武装ヘリコプター
ぶそうへりこぷたー
先述の通り、輸送ヘリや汎用ヘリに(ドアガンを除く)機関銃、砲、ロケット弾やミサイル等の武装を施したものであり、ガンシップと呼称されることもある。
理論的にはどんなヘリコプターも武装ヘリコプターにすることが可能であり、過去にはCH-47輸送ヘリコプターの装甲と火力を強化した『ACH-47』等大型の機体もあったが、現在では小回りが利く中型・小型機が主流。
この武装ヘリコプターのコンセプトを基に、より戦闘に特化する形で誕生したのが攻撃ヘリコプターになる。
最初期の利用は1960年代に発生したポルトガルの植民地戦争と言われていて、この際の機体はフランス製のSA 316 アルエットIIIであり、機関銃やロケット弾を搭載し、空挺強襲作戦において輸送ヘリの護衛に使われた。
ほぼ同時期、ベトナム戦争でもUH-1を原型とした武装ヘリコプターが運用されたのだが、性能不足もまた露呈し、この経験が攻撃ヘリコプターの開発につながった。
機体を専用設計した攻撃ヘリと違い、ほとんど機体やエンジンには手を加えないまま武装を搭載している(UH-60のように最初から武装の搭載を想定した輸送ヘリは稀)。攻撃ヘリのように回転銃架が搭載されることはほとんどなく、機銃使用時は固定翼機のように上空を通過しながらの掃射となる。
ベース機の性能にもよるが、機体がほぼそのままなので防御力・搭載量・火力は攻撃ヘリに比べて劣る。外部搭載物が空力特性に悪影響を与えるため、ベース機より飛行性能が低下することも。

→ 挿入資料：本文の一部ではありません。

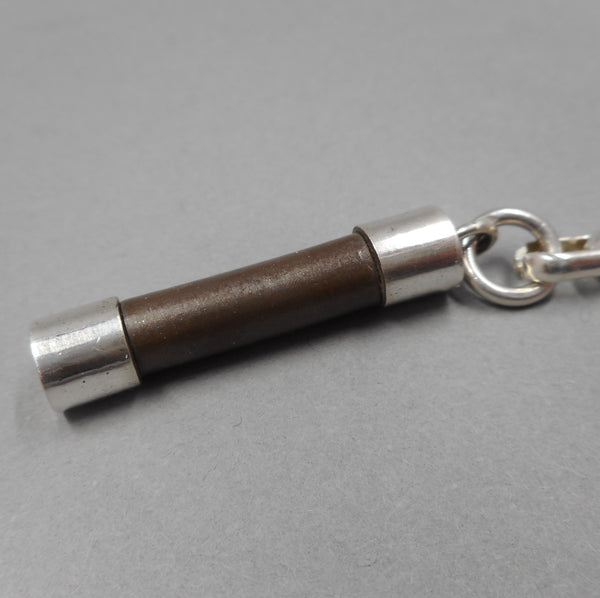  Close-Up of "Blown Fuse" Patina on Fuse Key Ring from PartsbyNC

しかしながら既製品を流用できる分「安価かつ整備・運用の方法も変わらない」「武装を外せば通常の輸送任務にも使用できる」「市街地戦では火力の低さが二次被害を出しにくい点で有利」という点は軍事的には見逃せないメリットであり、攻撃ヘリが普及して以降も脅威度の低い目標への攻撃や特殊作戦に用いられたり、懐事情が厳しい中小国で攻撃ヘリの代わりとして運用されたりしている。
デジタル化が進んだ近年は単に武装を追加するのみに留まらず、攻撃ヘリと同等の電子機器や防御手段を追加装備する事で「小さな攻撃ヘリ」と言える戦闘能力を持つようになってきている。さまざまな機能を詰め込んで高価になった割に撃たれ弱い攻撃ヘリの有用性を疑問視する声が多い昨今ではコストパフォーマンスの良さが再評価されており、特にドイツはティーガー攻撃ヘリを手放して武装ヘリへ移行する方針を打ち出している。